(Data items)
※ ※ ※

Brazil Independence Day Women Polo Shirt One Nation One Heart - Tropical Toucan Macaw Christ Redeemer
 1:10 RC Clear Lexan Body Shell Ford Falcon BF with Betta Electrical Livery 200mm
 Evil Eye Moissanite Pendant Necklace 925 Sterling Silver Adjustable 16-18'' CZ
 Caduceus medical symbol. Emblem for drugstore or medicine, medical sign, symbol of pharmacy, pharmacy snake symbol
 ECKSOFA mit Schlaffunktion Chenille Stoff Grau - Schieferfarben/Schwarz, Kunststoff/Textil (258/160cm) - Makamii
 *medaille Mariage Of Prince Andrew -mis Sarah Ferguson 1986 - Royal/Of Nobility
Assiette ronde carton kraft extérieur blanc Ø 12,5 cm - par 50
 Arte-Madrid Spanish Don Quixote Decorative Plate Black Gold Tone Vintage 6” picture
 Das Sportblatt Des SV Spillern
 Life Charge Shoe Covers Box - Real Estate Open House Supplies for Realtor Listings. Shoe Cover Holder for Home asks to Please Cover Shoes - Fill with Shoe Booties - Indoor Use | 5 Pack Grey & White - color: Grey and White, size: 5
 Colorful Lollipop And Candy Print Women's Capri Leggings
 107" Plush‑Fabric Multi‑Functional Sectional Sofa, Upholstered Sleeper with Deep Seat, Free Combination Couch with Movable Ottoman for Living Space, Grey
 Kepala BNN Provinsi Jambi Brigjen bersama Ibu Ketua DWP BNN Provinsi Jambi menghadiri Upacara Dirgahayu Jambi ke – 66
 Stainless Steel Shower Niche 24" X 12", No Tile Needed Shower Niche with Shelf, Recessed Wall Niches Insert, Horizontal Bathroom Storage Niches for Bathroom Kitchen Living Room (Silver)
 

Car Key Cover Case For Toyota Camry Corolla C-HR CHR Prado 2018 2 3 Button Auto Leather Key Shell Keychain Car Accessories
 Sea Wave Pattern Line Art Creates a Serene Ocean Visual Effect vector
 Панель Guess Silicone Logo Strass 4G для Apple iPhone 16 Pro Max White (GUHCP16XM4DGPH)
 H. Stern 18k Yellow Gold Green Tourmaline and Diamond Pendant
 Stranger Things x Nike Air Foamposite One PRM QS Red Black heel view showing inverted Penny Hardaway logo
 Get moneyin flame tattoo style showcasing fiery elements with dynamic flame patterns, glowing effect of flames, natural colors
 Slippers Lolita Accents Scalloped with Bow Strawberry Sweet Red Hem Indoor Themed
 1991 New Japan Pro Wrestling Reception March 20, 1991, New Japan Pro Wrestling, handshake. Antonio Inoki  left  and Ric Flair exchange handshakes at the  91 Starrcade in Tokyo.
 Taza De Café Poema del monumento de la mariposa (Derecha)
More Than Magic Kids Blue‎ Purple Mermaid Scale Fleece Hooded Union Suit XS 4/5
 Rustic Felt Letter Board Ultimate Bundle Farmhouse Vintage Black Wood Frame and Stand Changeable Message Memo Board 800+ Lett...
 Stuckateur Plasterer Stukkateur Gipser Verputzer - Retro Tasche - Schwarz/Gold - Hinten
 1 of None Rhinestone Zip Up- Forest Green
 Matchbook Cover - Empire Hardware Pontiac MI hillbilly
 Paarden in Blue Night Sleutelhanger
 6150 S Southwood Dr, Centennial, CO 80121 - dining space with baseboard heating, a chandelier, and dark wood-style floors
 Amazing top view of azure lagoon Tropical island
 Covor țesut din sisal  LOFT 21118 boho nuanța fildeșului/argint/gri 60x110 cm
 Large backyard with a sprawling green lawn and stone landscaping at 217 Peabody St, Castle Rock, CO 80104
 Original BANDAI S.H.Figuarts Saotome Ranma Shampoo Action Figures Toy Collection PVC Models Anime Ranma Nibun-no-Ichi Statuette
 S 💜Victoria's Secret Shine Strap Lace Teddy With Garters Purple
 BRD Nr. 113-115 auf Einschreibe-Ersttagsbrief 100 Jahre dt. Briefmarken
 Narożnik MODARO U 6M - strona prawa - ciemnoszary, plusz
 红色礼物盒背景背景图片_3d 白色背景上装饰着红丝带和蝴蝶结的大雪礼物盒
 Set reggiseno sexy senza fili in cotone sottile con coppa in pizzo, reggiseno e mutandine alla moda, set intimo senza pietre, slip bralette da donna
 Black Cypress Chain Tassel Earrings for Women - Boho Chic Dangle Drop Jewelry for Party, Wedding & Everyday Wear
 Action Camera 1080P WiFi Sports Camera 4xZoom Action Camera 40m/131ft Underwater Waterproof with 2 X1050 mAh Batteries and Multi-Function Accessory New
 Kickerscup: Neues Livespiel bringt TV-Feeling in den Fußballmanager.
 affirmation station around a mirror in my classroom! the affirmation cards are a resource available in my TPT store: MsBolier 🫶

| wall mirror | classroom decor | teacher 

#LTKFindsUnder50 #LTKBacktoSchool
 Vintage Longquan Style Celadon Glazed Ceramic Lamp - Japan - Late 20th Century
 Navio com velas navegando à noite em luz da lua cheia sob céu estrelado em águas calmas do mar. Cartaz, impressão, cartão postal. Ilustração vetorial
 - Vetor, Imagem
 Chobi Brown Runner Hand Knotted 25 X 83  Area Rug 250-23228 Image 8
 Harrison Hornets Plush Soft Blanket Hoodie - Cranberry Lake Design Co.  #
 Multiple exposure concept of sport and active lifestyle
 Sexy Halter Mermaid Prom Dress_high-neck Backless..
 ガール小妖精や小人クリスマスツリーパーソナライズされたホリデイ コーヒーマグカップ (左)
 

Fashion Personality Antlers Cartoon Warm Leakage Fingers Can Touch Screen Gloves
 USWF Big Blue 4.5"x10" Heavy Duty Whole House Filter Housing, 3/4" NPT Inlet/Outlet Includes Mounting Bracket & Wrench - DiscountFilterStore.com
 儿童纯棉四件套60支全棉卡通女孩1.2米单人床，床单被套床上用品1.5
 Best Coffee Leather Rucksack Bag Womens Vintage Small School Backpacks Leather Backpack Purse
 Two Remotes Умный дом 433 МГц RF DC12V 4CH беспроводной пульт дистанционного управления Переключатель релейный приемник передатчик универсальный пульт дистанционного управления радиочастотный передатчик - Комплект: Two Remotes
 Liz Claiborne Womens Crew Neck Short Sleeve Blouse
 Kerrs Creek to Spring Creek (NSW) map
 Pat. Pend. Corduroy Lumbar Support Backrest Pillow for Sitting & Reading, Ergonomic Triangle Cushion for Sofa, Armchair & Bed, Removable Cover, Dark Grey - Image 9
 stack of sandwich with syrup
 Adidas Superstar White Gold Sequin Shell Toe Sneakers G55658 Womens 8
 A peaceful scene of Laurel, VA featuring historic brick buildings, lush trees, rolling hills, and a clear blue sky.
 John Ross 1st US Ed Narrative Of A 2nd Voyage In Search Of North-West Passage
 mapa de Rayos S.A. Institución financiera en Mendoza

※ ※ ※

WHAT YOU NEED TO DO – Output all records exactly, with nothing added or dropped.

EXERCISE RESULT –
Brazil Independence Day Women Polo Shirt One Nation One Heart - Tropical Toucan Macaw Christ Redeemer
 1:10 RC Clear Lexan Body Shell Ford Falcon BF with Betta Electrical Livery 200mm
 Evil Eye Moissanite Pendant Necklace 925 Sterling Silver Adjustable 16-18'' CZ
 Caduceus medical symbol. Emblem for drugstore or medicine, medical sign, symbol of pharmacy, pharmacy snake symbol
 ECKSOFA mit Schlaffunktion Chenille Stoff Grau - Schieferfarben/Schwarz, Kunststoff/Textil (258/160cm) - Makamii
 *medaille Mariage Of Prince Andrew -mis Sarah Ferguson 1986 - Royal/Of Nobility
Assiette ronde carton kraft extérieur blanc Ø 12,5 cm - par 50
 Arte-Madrid Spanish Don Quixote Decorative Plate Black Gold Tone Vintage 6” picture
 Das Sportblatt Des SV Spillern
 Life Charge Shoe Covers Box - Real Estate Open House Supplies for Realtor Listings. Shoe Cover Holder for Home asks to Please Cover Shoes - Fill with Shoe Booties - Indoor Use | 5 Pack Grey & White - color: Grey and White, size: 5
 Colorful Lollipop And Candy Print Women's Capri Leggings
 107" Plush‑Fabric Multi‑Functional Sectional Sofa, Upholstered Sleeper with Deep Seat, Free Combination Couch with Movable Ottoman for Living Space, Grey
 Kepala BNN Provinsi Jambi Brigjen bersama Ibu Ketua DWP BNN Provinsi Jambi menghadiri Upacara Dirgahayu Jambi ke – 66
 Stainless Steel Shower Niche 24" X 12", No Tile Needed Shower Niche with Shelf, Recessed Wall Niches Insert, Horizontal Bathroom Storage Niches for Bathroom Kitchen Living Room (Silver)
 

Car Key Cover Case For Toyota Camry Corolla C-HR CHR Prado 2018 2 3 Button Auto Leather Key Shell Keychain Car Accessories
 Sea Wave Pattern Line Art Creates a Serene Ocean Visual Effect vector
 Панель Guess Silicone Logo Strass 4G для Apple iPhone 16 Pro Max White (GUHCP16XM4DGPH)
 H. Stern 18k Yellow Gold Green Tourmaline and Diamond Pendant
 Stranger Things x Nike Air Foamposite One PRM QS Red Black heel view showing inverted Penny Hardaway logo
 Get moneyin flame tattoo style showcasing fiery elements with dynamic flame patterns, glowing effect of flames, natural colors
 Slippers Lolita Accents Scalloped with Bow Strawberry Sweet Red Hem Indoor Themed
 1991 New Japan Pro Wrestling Reception March 20, 1991, New Japan Pro Wrestling, handshake. Antonio Inoki  left  and Ric Flair exchange handshakes at the  91 Starrcade in Tokyo.
 Taza De Café Poema del monumento de la mariposa (Derecha)
More Than Magic Kids Blue‎ Purple Mermaid Scale Fleece Hooded Union Suit XS 4/5
 Rustic Felt Letter Board Ultimate Bundle Farmhouse Vintage Black Wood Frame and Stand Changeable Message Memo Board 800+ Lett...
 Stuckateur Plasterer Stukkateur Gipser Verputzer - Retro Tasche - Schwarz/Gold - Hinten
 1 of None Rhinestone Zip Up- Forest Green
 Matchbook Cover - Empire Hardware Pontiac MI hillbilly
 Paarden in Blue Night Sleutelhanger
 6150 S Southwood Dr, Centennial, CO 80121 - dining space with baseboard heating, a chandelier, and dark wood-style floors
 Amazing top view of azure lagoon Tropical island
 Covor țesut din sisal  LOFT 21118 boho nuanța fildeșului/argint/gri 60x110 cm
 Large backyard with a sprawling green lawn and stone landscaping at 217 Peabody St, Castle Rock, CO 80104
 Original BANDAI S.H.Figuarts Saotome Ranma Shampoo Action Figures Toy Collection PVC Models Anime Ranma Nibun-no-Ichi Statuette
 S 💜Victoria's Secret Shine Strap Lace Teddy With Garters Purple
 BRD Nr. 113-115 auf Einschreibe-Ersttagsbrief 100 Jahre dt. Briefmarken
 Narożnik MODARO U 6M - strona prawa - ciemnoszary, plusz
 红色礼物盒背景背景图片_3d 白色背景上装饰着红丝带和蝴蝶结的大雪礼物盒
 Set reggiseno sexy senza fili in cotone sottile con coppa in pizzo, reggiseno e mutandine alla moda, set intimo senza pietre, slip bralette da donna
 Black Cypress Chain Tassel Earrings for Women - Boho Chic Dangle Drop Jewelry for Party, Wedding & Everyday Wear
 Action Camera 1080P WiFi Sports Camera 4xZoom Action Camera 40m/131ft Underwater Waterproof with 2 X1050 mAh Batteries and Multi-Function Accessory New
 Kickerscup: Neues Livespiel bringt TV-Feeling in den Fußballmanager.
 affirmation station around a mirror in my classroom! the affirmation cards are a resource available in my TPT store: MsBolier 🫶

| wall mirror | classroom decor | teacher 

#LTKFindsUnder50 #LTKBacktoSchool
 Vintage Longquan Style Celadon Glazed Ceramic Lamp - Japan - Late 20th Century
 Navio com velas navegando à noite em luz da lua cheia sob céu estrelado em águas calmas do mar. Cartaz, impressão, cartão postal. Ilustração vetorial
 - Vetor, Imagem
 Chobi Brown Runner Hand Knotted 25 X 83  Area Rug 250-23228 Image 8
 Harrison Hornets Plush Soft Blanket Hoodie - Cranberry Lake Design Co.  #
 Multiple exposure concept of sport and active lifestyle
 Sexy Halter Mermaid Prom Dress_high-neck Backless..
 ガール小妖精や小人クリスマスツリーパーソナライズされたホリデイ コーヒーマグカップ (左)
 

Fashion Personality Antlers Cartoon Warm Leakage Fingers Can Touch Screen Gloves
 USWF Big Blue 4.5"x10" Heavy Duty Whole House Filter Housing, 3/4" NPT Inlet/Outlet Includes Mounting Bracket & Wrench - DiscountFilterStore.com
 儿童纯棉四件套60支全棉卡通女孩1.2米单人床，床单被套床上用品1.5
 Best Coffee Leather Rucksack Bag Womens Vintage Small School Backpacks Leather Backpack Purse
 Two Remotes Умный дом 433 МГц RF DC12V 4CH беспроводной пульт дистанционного управления Переключатель релейный приемник передатчик универсальный пульт дистанционного управления радиочастотный передатчик - Комплект: Two Remotes
 Liz Claiborne Womens Crew Neck Short Sleeve Blouse
 Kerrs Creek to Spring Creek (NSW) map
 Pat. Pend. Corduroy Lumbar Support Backrest Pillow for Sitting & Reading, Ergonomic Triangle Cushion for Sofa, Armchair & Bed, Removable Cover, Dark Grey - Image 9
 stack of sandwich with syrup
 Adidas Superstar White Gold Sequin Shell Toe Sneakers G55658 Womens 8
 A peaceful scene of Laurel, VA featuring historic brick buildings, lush trees, rolling hills, and a clear blue sky.
 John Ross 1st US Ed Narrative Of A 2nd Voyage In Search Of North-West Passage
 mapa de Rayos S.A. Institución financiera en Mendoza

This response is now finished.